Problem to solve: From the line with "Mini Beredoodle" to the line with "a wolf standing on top of a rock in the snow", retype each line exactly as it stands in the records below, but skip the pictures.

Excerpted records:
..........

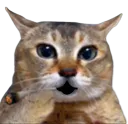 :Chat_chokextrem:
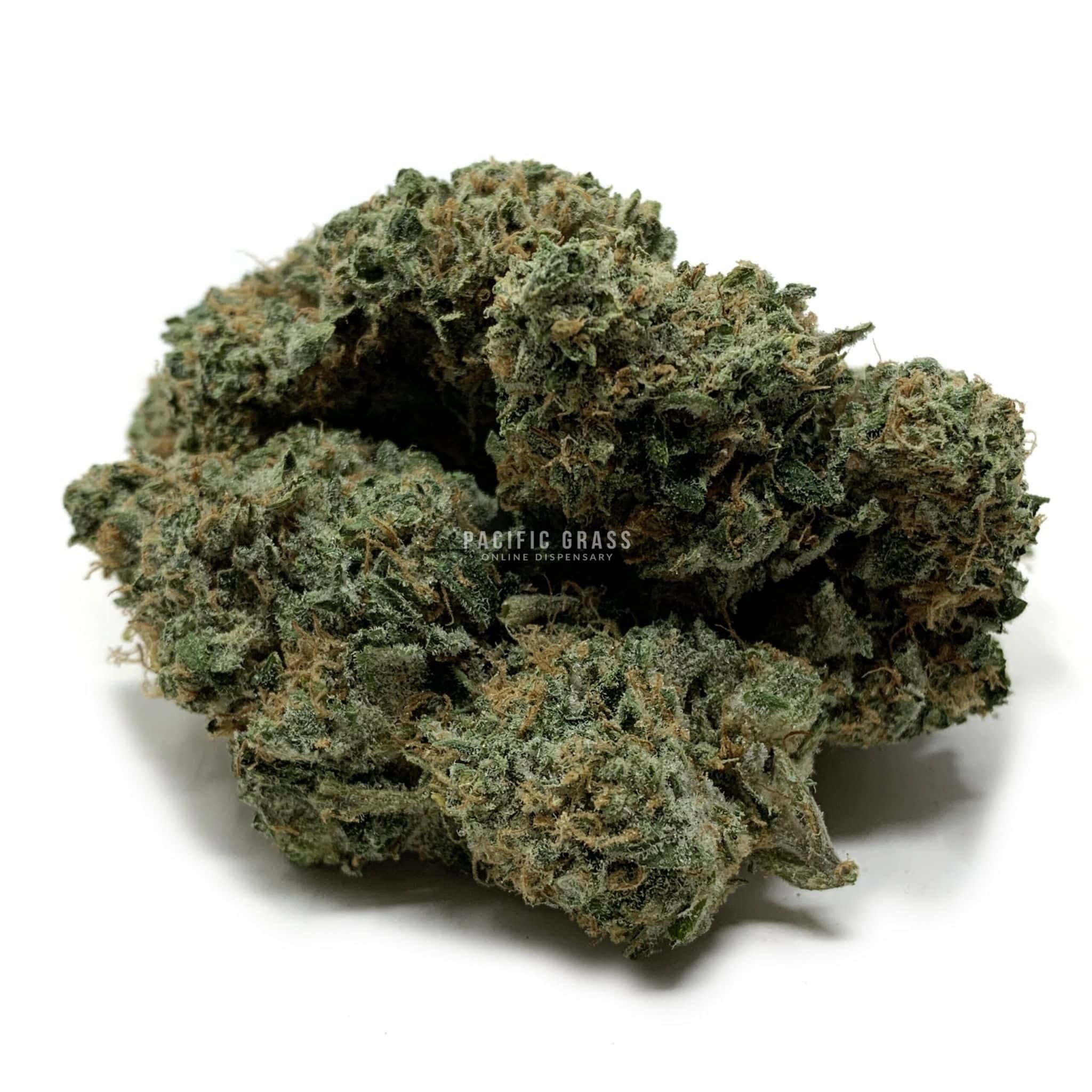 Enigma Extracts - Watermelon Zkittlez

..........

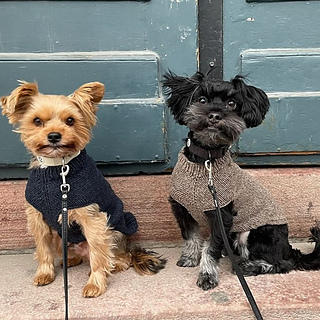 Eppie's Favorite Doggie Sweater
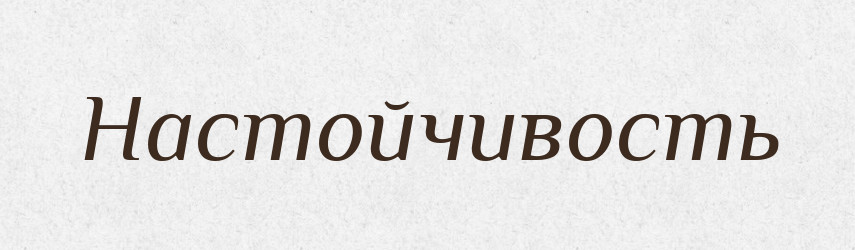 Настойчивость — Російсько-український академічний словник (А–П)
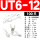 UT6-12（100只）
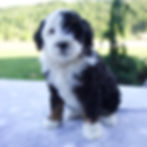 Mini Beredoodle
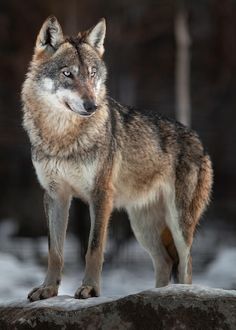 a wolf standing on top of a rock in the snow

..........

Solved exercise:
 Mini Beredoodle
 a wolf standing on top of a rock in the snow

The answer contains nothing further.